Saturday, November 17, 2007

REDNECKS IN PURPLE

This article was written in March 2005. However, I thought of it when I read the testimony this past week in Fairfax, Virginia, by Episcopal Presiding Bishop Katherine Jefferts Schori, saying that she would allow the Diocese of Virginia to cut a deal for church property with Methodists or Baptists (or presumably Muslims) but never, no never, with those pesky Nigerians.

I tend not to see racism behind every bogey-word that comes out from illiberal liberals. But there is a pattern of condescension toward Africa and Africans that strikes me every bit as offensive as old-fashioned redneckism. No, more so.

We met it one week before the Lambeth Conference in 1998 when Bp. Jack Spong had this to say about African Christians:

They’ve moved out of animism into a very superstitious kind of Christianity. They’ve yet to face the intellectual revolution of Copernicus and Einstein that we’ve had to face in the developing world: that is just not on their radar screen.

The slur was repeated by liberal bishops at Lambeth 1998 who claimed that Resolution 1.10 on Human Sexuality had been bought by American conservatives for the price of “chicken dinners” offered to the African bishops.

Now here it comes again. Just before the Primates’ Meeting in Ireland, the BBC put out the following “Have your own say” question - “Will Africa Split the Anglican Communion?” – followed by the question: “Shouldn’t the Anglican Church modernize and accept that society is changing?”

So I decided to have my own say and wrote this:

I am an American Episcopal priest serving in East Africa. Frankly, I find your questions racist, suggesting that Africans aren’t “modern,” according to your standards. Indeed, the imperial snootiness of these questions reflects the very attitude that led the American church to force its will on the Anglican Communion and then blame the Africans for causing division.

The African bishops, along with the vast majority of Christians throughout history and the world today, believe that the Bible commends the marriage of one man and one woman and condemns all other permutations and combinations. That may not be “with it” for you, but for millions of us it’s the Gospel truth!

Now we get Bishop William Swing swinging in from his San Francisco penthouse with this comment on the Primates’ Communique [2005]:

What do I make of it? ... In the short term it doesn’t appear to mean much. Our three USA delegates will not be going to the next Anglican Consultative Council meeting. Not necessarily a big deal.

In the long term it appears to be most serious because of two reasons: (1) the question of the unity of the Anglican Communion seems up in the air; (2) obviously the forces within the Communion who oppose what we have done are far more powerful than the Episcopal Church, and they are intent on pushing this issue until the Anglican Communion is broken and the Episcopal Church is cannibalized by foreign bishops. This is the worst-case scenario in my opinion, but a dream-come-true scenario for some other people.

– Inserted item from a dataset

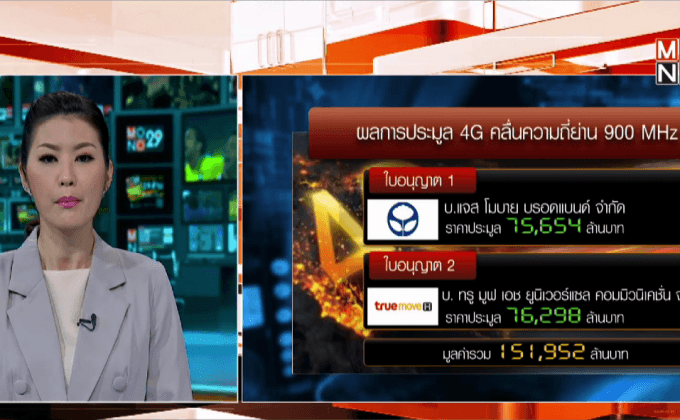 ปิดประมูล 4G แจส-ทรู คว้าชัย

“Cannibalized by foreign bishops?” Now Bishop Swing is no dummy. Is it possible the promoter of the Parliament of World Religions is so dense that he is unaware of the stereotype that primitive peoples have a habit of eating their innocent neighbors. So why would he use a word like “cannibalize”? It ain’t real smart politically, but then a lot of liberals seem immune today to the canons of civility. Ask George Bushhitler.

One cannot live here without noting the awful incidents of violence of African against African: whether in Rwanda a decade ago or in Northern Uganda today. But one who lives here cannot but stand in awe of the resilience that so many people exhibit under hardship and the kindness they show to their neighbors and foreigners, however little they have to give. One cannot live here also without coming to despise many of the Western do-gooders who stand by in their blue helmets, or hurl condoms at kids, on the vile assumption that “this is just the way they are.”

Let me speak about the Church of Uganda. Fifteen months [November 2003] ago the House of Bishops voted to break relations with the Episcopal Church. They have done so thoroughly if not totally. To my knowledge, all missionaries here have left the national Episcopal Church. The Province has turned down what was a sizeable subsidy from the Episcopal Relief and Development Fund. And in several cases dioceses and other entities have returned money that was sent after the House of Bishops’ decision.

Now I wonder, what sacrifice has Bishop Swing made because of his foolish support for an action that has snapped the “bonds of affection” of the Anglican Communion? Exactly what price have he and his kind paid for hounding out priests and parishes out of the churches they built and worshiped in? (By the way, is “hounding” more civilized than cannibalizing?). No doubt he and the Presiding Bishop [Frank Griswold] and all their colleagues will make it to the exit doors of a comfortable retirement and let the next generation turn the lights out on the Episcopal Church.

Rednecks in undershirts have little to commend them, but when you put them in purple with pectorals, it really is too much to stomach.